Provider may retain minimal system logs, backups, or anonymized information for security, audit, or compliance purposes.
Provider will indemnify Customer for third-party claims that the Dapt Software infringes intellectual property rights, subject to limitations.
Customer will indemnify Provider for claims arising from Customer Data infringing third-party rights, breach of these Terms, or misuse of the Software.
To the maximum extent permitted by law, neither party will be liable for indirect, incidental, consequential, special, or punitive damages. Except for payment obligations, intellectual property misuse, indemnity obligations, and confidentiality breaches, each party’s liability will not exceed fees paid to Provider in the twelve (12) months preceding the event giving rise to the claim.
“Confidential Information” includes non-public information that should reasonably be understood as confidential.
Each party shall protect the other’s Confidential Information and only use it for purposes contemplated by these Terms.
Either party may disclose Confidential Information if required by law or regulation, with notice to the other party where permitted.
A breach of confidentiality may cause irreparable harm, and the injured party may seek injunctive relief in addition to other remedies.
Provider may revise these Terms by posting the modified version on its website. Continued use indicates acceptance of updated Terms.
Provider is not responsible for failures due to events beyond its reasonable control, such as outages, natural disasters, or epidemics.
These Terms are governed by the laws of the State of Maryland, and disputes must be brought in Maryland courts.
Customer may not assign these Terms without Provider’s consent.
Failure to enforce a provision does not waive rights to enforce it later. If any provision is invalid, the remainder remains in effect.
Customer shall not release publicity about these Terms without Provider’s consent. Provider may list Customer as a customer with consent.
Notices will be deemed given when delivered by certified mail, email, or overnight courier to the address in the Order Form.
Provisions intended to survive termination, including data, liability, and confidentiality sections, remain in effect.
These Terms and the applicable Order Form constitute the entire agreement between the parties.
Provider will use commercially reasonable efforts to make the Dapt Software available at least 99.5% of the time each calendar month, excluding exceptions.

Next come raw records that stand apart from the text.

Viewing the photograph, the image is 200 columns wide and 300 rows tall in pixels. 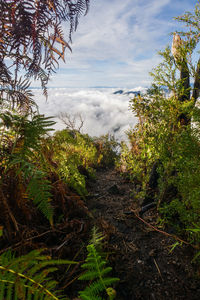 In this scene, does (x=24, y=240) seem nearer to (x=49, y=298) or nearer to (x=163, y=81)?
(x=49, y=298)

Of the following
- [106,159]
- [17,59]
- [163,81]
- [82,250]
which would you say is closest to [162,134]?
[163,81]

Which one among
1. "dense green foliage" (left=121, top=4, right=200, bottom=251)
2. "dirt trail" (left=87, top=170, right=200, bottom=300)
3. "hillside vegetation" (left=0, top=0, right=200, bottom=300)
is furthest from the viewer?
"dense green foliage" (left=121, top=4, right=200, bottom=251)

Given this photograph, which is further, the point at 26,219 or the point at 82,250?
the point at 82,250

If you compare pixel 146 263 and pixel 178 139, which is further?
pixel 178 139

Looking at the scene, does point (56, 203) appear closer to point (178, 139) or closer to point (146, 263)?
point (146, 263)

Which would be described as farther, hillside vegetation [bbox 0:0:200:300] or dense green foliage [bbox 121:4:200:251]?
dense green foliage [bbox 121:4:200:251]

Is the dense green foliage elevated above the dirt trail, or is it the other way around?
the dense green foliage

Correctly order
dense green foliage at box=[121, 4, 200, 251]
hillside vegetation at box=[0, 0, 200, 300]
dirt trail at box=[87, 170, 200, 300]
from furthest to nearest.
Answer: dense green foliage at box=[121, 4, 200, 251]
dirt trail at box=[87, 170, 200, 300]
hillside vegetation at box=[0, 0, 200, 300]

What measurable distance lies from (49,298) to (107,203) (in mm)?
2423

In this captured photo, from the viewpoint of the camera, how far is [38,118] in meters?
1.15

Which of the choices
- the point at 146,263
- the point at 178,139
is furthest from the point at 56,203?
the point at 178,139

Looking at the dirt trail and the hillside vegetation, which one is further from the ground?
the hillside vegetation

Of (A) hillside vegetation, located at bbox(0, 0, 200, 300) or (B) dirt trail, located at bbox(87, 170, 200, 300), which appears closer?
(A) hillside vegetation, located at bbox(0, 0, 200, 300)

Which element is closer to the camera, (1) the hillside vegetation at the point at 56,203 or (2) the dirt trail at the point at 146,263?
(1) the hillside vegetation at the point at 56,203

Exceptions include failures due to Customer’s actions, internet connectivity, force majeure, scheduled or emergency maintenance, and third-party outages.
Provider will use reasonable efforts to notify Customer of scheduled and emergency maintenance.
Provider will provide updates, upgrades, releases, or other adaptations at no additional charge to similarly situated customers.
Provider will provide technical support Monday through Friday during general business hours. Documentation and instructions for initiating support requests are available on Provider’s website.